Animal Health Companies Target Ways to Lower Antimicrobial Resistance
Antimicrobial resistance is a “One Health” challenge that requires effort across both human and animal health sectors, said Patricia Turner, president of World Veterinary Association.
Developing 100 new vaccines by 2025 was one of 25 commitments made by the world’s largest animal health companies in the Roadmap to Reducing the Need for Antibiotics report that was first published in 2019 by HealthforAnimals.
In the past two years, animal health companies have invested billions in veterinary research and the development of 49 new vaccines as part of an industry-wide strategy to reduce the need for antibiotics, according to a recent progress report released in Belgium.
The recently developed vaccines offer increased protection against disease across many animal species including cattle, poultry, swine, fish as well as pets, the release said. It is a sign the industry is halfway towards its vaccine target with four more years to go.

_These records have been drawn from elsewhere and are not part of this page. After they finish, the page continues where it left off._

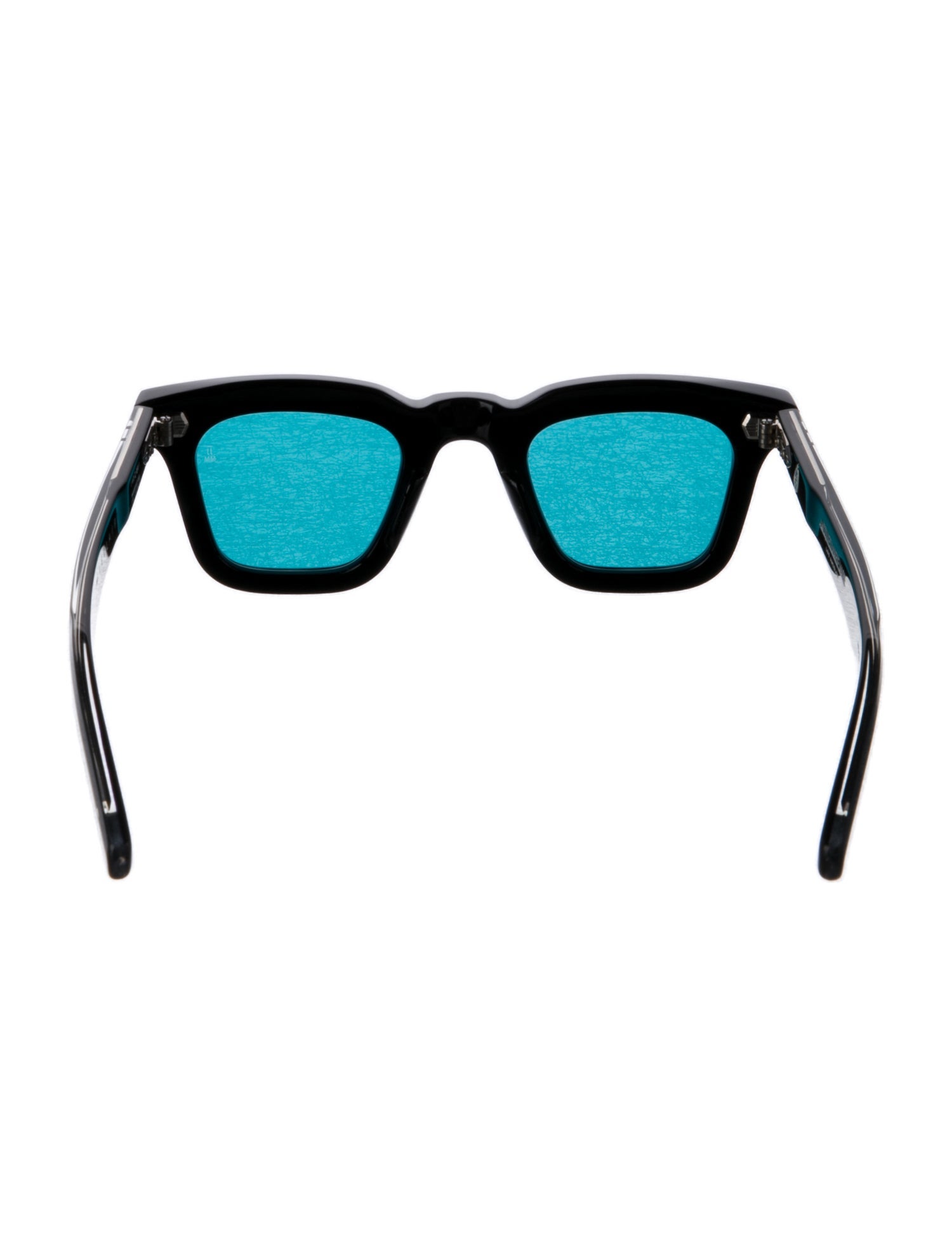 Jacques Marie Mage Leclair Wayfarer Sunglasses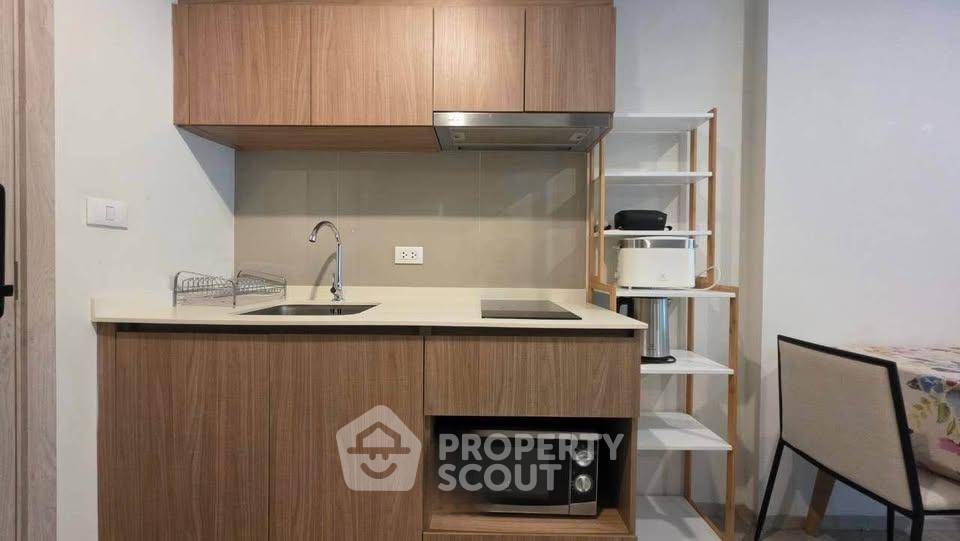 รูป คอนโด 1-ห้องนอน ที่ ลา กาซิตา หัวหิน ใกล้ เมืองหัวหิน (ID 3173688) - รูปที่ 7/9
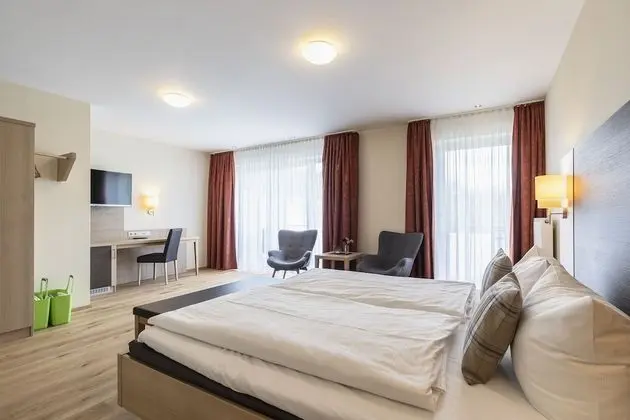 Junior Suite Deluxe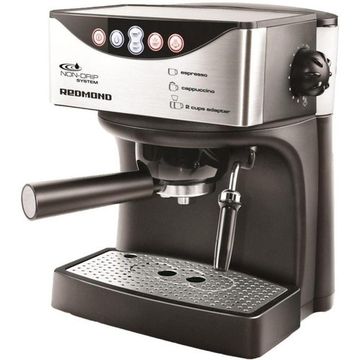 Кавоварка Redmond RCM-1503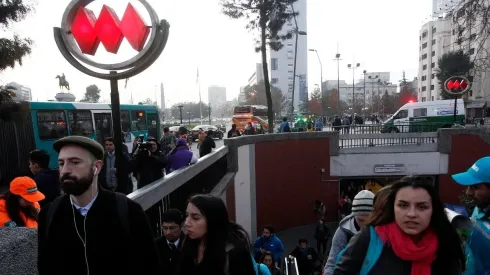 Conoce a qué hora abre el Metro este lunes 1 de mayo y cuándo cierra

“New vaccines are essential to reducing the risk of drug resistance developing by preventing diseases in animals that could otherwise lead to antibiotic treatment, such as salmonella, bovine respiratory disease and infectious bronchitis, and preserving vital medicines for both urgent human and animal use,” HealthforAnimals said in a release.
The newest update shows the sector is on track or ahead of schedule across all of its commitments, including investing $10 billion in research and development, and training more than 100,000 veterinarians in responsible antibiotic use.
“The new tools and training provided by the animal health sector will support veterinarians and producers to reduce the need for antimicrobials in animals, which better safeguards people and the environment. We congratulate the animal health sector for the progress achieved to date towards reaching their Roadmap targets,” Turner said in a release.
Animal health companies are considering ways to expand and add to these targets in the years ahead to accelerate progress in reducing the burden on antibiotics, the report noted.
“The Roadmap is unique across the health industries for setting measurable targets and regular status updates on our efforts to address antibiotic resistance,” said Carel du Marchie Sarvaas, executive director of HealthforAnimals. “Few, if any, have set these types of traceable goals and the progress to date shows how seriously animal health companies are taking our responsibility to tackle this collective challenge, which poses a threat to lives and livelihoods around the world.”
The industry has also launched a series of other preventative products that contribute to lower levels of livestock disease, minimizing the need for antibiotics in animal agriculture, the release said.
Animal health companies created 17 new diagnostic tools out of a target of 20 to help veterinarians prevent, identify and treat animal diseases earlier, as well as seven nutritional supplements that boost immune systems.
Comparatively, the sector brought three new antibiotics to market in the same period, reflecting the increased investment in developing products that prevent illness and the need for antibiotics in the first place, Healthfor Animals said.
In the past two years, the industry has trained more than 650,000 veterinary professionals and provided more than $6.5 million in scholarships to veterinary students.
The Roadmap for Reducing the Need for Antibiotics not only set targets to increase research and development, but it also is focused on One Health approaches, communications, veterinary training and knowledge sharing. The next progress report is expected in 2023.
HealthforAnimals members include Bayer, Boehringer Ingelheim, Ceva, Elanco, Merck Animal Health, Phibro, Vetoquinol, Virbac, Zenoaq and Zoetis.